Another disease the researchers have identified as a target for gene-edited varieties is black sigatoka, brought on by the fungus Mycosphaerella fijiensis. A foliar disease that causes lesions, chlorosis and physical collapse of the leaf, black sigatoka will ultimately cause the death of the plant. Chemical control is possible but requires an intense spraying programme of up to 50 applications every year. Even then, yield may be slashed by as much as 50%.

Adding to this grim outlook is the loss of many of the active ingredients that are most effective against black sigatoka. Mancozeb, for example, has already been banned in many countries; growers still permitted to apply it may nonetheless be prevented from using it, owing to production protocols imposed by their buyers.

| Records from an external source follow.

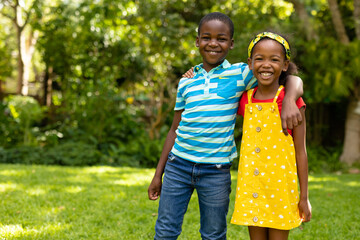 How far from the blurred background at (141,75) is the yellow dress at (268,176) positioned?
5.71 metres

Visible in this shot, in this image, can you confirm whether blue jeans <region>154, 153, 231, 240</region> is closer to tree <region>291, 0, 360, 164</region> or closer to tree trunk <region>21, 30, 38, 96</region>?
tree <region>291, 0, 360, 164</region>

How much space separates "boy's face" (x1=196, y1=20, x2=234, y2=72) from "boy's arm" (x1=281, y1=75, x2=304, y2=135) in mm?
447

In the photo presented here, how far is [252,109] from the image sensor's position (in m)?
2.04

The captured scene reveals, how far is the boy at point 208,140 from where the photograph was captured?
2.14 metres

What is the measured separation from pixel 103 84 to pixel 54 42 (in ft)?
10.5

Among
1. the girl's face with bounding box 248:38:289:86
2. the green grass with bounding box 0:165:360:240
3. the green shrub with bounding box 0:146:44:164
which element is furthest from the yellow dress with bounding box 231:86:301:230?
the green shrub with bounding box 0:146:44:164

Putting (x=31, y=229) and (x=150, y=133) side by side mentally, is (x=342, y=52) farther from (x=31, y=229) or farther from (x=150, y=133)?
(x=31, y=229)

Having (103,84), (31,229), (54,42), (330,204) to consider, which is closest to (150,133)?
(103,84)

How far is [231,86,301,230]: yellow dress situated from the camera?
6.39 ft

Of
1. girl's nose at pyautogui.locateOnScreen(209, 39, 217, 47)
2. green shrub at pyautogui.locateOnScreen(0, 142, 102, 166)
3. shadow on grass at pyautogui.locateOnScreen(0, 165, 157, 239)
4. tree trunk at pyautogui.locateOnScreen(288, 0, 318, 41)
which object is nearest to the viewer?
girl's nose at pyautogui.locateOnScreen(209, 39, 217, 47)

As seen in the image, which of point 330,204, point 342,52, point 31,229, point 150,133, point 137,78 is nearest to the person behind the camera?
point 31,229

But with any genetic solution still some way off, what’s the best option for banana producers facing the headache of black sigatoka? It’s a challenge that FertiGlobal took up.

Finding and commercialising these breakthrough solutions, that can assure farmers of yield and quality while observing regulatory parameters and environmental obligations, are FertiGlobal’s ‘bread and butter’. To help farmers navigate the threat of black sigatoka, we turned to our EnNuVi Technology, the patented nutrient-polyphenolic-molecule that focuses on facilitating the strengthening of the plant’s natural defence systems.

There’s a wealth of evidence to show that a balanced combination of nutrients – putting the plant in good stead – fortifies the plant, reducing its susceptibility to both biotic and abiotic stresses. With better health comes increased energy, allowing it to use its own in-built mechanisms to ward off attack by pathogens such as Mycosphaerella. If a plant can resist infection, a farmer’s need for fungicides is much reduced.

FertiGlobal took EnNuVi technology to India and the Philippines – respectively the world’s largest and sixth-largest banana producers – for trials.

The first trial, conducted in India, examined the losses induced in banana plants through leaf wilting. Farmer standard practice often saw wilting in more than half of all plants, leading to a loss in crop ROI of over $200/ha. But in plants treated with the EnNuVi-enabled Semia, the percentage of wilting plants was slashed to less than 10%, reducing investment loss by 85%.

Meanwhile, in the Philippines, the trial proposed to see whether EnNuVi would increase the number of functional leaves on each banana plant, boosting overall plant health and energy levels to help it fight stress and attack. Of all the EnNuVi products tested, Mantus provided the best result: a 44% increase in functional leaves, over the standard practice, after 45 days.

So while EnNuVi products can’t be seen as a direct replacement for mancozeb, because they don’t exhibit any fungicidal properties, they can – if applied at the correct time in the crop cycle – provide growers with an earlier alternative that may alleviate their need for fungicides at a later date.

We’re not stopping at bananas, of course. FertiGlobal is committed to ensuring continuing success in every crop in which we have an interest. If we can help farmers, wherever they are in the world, reduce the use of agrochemicals and maintain or increase their crop’s productivity and yield, we’ll find a way to do it. It’s the FertiGlobal way.